Внешне Настя много унаследовала от отца. «Вся в папу, – повторяла Лена, – счастливая будешь».
…глаза – мамины… и губки, такие сладкие, чуть пухленькие, от мамы,
и пряменькая спинка… а вот родинка на спине, это от меня…
– Ужинать! – позвала мама. Она накрывала на стол: расставляла тарелки, рюмки, салаты, нарезала привезенную колбасу и сыр.
– Идем! – он улыбнулся: – Почти как в Африке.
– Если там так тепло, почему ты нас с мамой с собой не взял? Знаешь, как у нас здесь холодно бывает зимой? – обиженно заключила дочь.
– Все, котенок, вылезаем, давай вытираться! – велела Лена.

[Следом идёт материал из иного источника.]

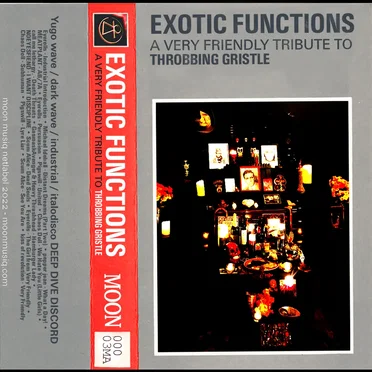 Exotic Functions: A Very Friendly Tribute to Throbbing Gristle by Various Artists - album cover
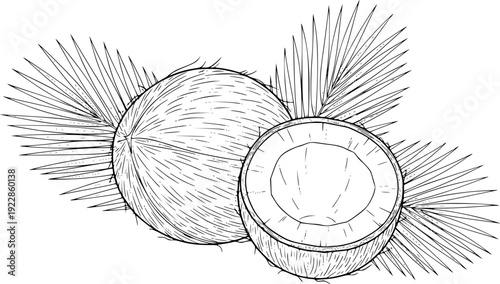 Detailed Line of Whole Coconut and Halved Coconut with Palm Fronds White Background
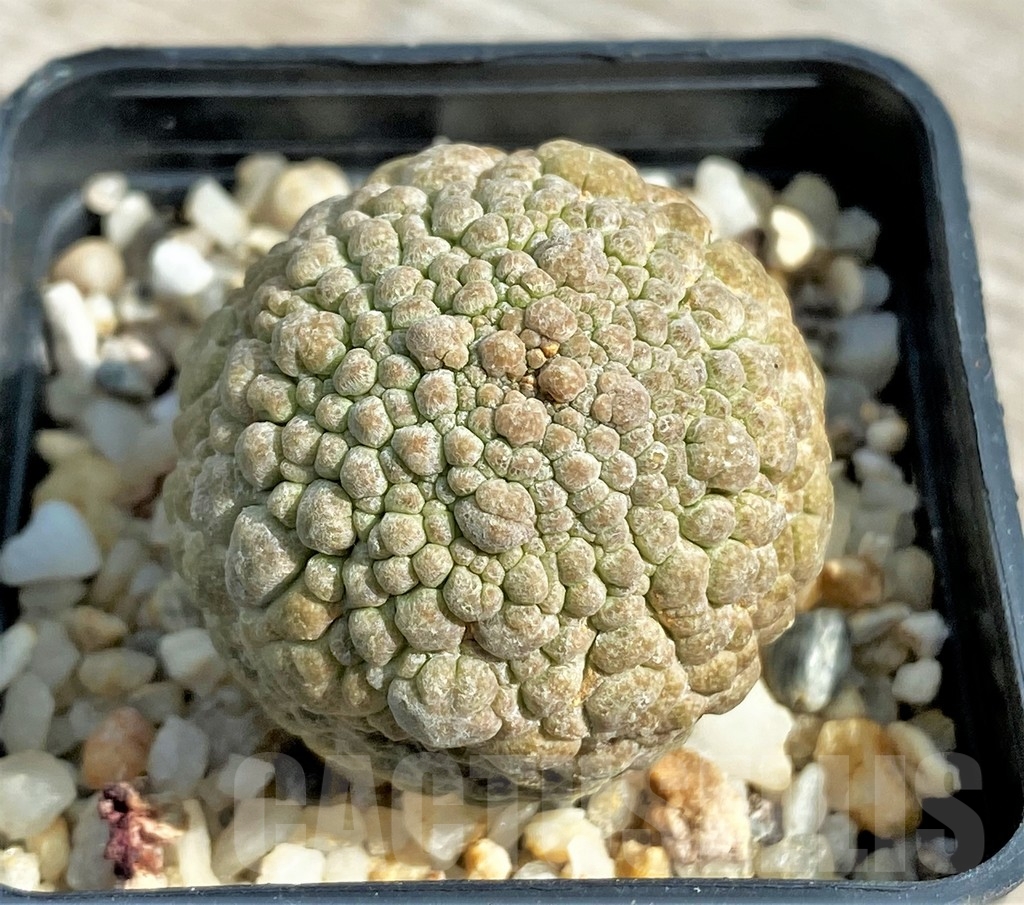 SHPR13390 Pseudolithos migiurtinus - Зображення 2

Она высушила девочке голову, расчесала волосы, приодела, и себя привела в порядок – платье нарядное, голубое, золотые сережки – подарок Олега. Уши-то проколоты давно, да отвыкли уши от сережек. Носила недолго в школьные годы, пока не продали единственные, от бабушки доставшиеся, за копейки продали, после смерти отца, чтобы жить на что было. А Олег купил в Кабуле, не пожалел денег, необычные какие-то, мать по-женски засмотрелась, не встретишь таких сережек у нас в ювелирных магазинах. И не то приятно, что сережки в ушах золотые, а то, что подумал о ней, купил, привез.
– Ну, что ж, давайте, что ли, со свиданьицем! – поднял рюмку отец. Он давно хотел выпить. – Вторую – за родителей! – словно куда-то торопился. – Мы очень волновались, сын…

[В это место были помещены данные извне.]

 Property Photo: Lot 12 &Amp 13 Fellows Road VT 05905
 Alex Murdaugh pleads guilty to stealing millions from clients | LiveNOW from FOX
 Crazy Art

– Олежа, дорогой, мы так рады, что ты, наконец, дома, – прослезилась мама. – Да что же ты ничего не ешь?
Ей так хотелось сесть рядом с сыном, погладить по голове, материнской рукой до шрама дотронуться, исцелить. Если бывало он дрался с мальчишками, и расцарапывал в кровь ногу, синяк набивал, мать непременно взъерошивала волосы: «Шалопай!» Теперь уже не получится. Ее место заняла Лена, прижалась к Олегу.
…балда я, балда! надо было платье маме купить! одно и то же
выходное платье который год носит… хоть платок привез и
косметичку…
Не богатые подарки привез Олег родным, сувениры скорее, так ведь не дорогих заграничных вещей ждали они от него, внимание приятно, обычай сохраненный. В первый отпуск досталось каждому хотя бы по мелочи, по пустячку, никого не забыл, по безделушке, а привез – сигарет фирменных, зажигалок, ногтегрызок, дребедень разную, что не видели никогда в советских универмагах, незамысловатые вещички, а пригодятся – самим полюбоваться, соседям показать, похвалиться. Из заграницы все же прибыл офицер, какая никакая, а заграница, не всем дано ее пересекать.
Отец наполнил рюмки:
– Бог любит троицу.
…главное, чтобы не буянил потом…
С чего бы это вдруг, неприязнь к отцу возникла, уж не маленький он, нечего затрещин бояться, после отцовских, сколько их, затрещин да саечек, в училище от старших товарищей терпел. Отец за малейшую провинность наказывал, и хорошо еще если затрещина, а то ремень из брюк вытягивал, кулак использовал.
…не прощу, никогда не прощу…
– А теперь за вас с Леной, – предложил дед Алексей. – Третий традиционно – за любовь.
…вообще-то надо третий тост за тех, кто погиб…
– Ешьте, ешьте, я принесу картошку, – встала мать.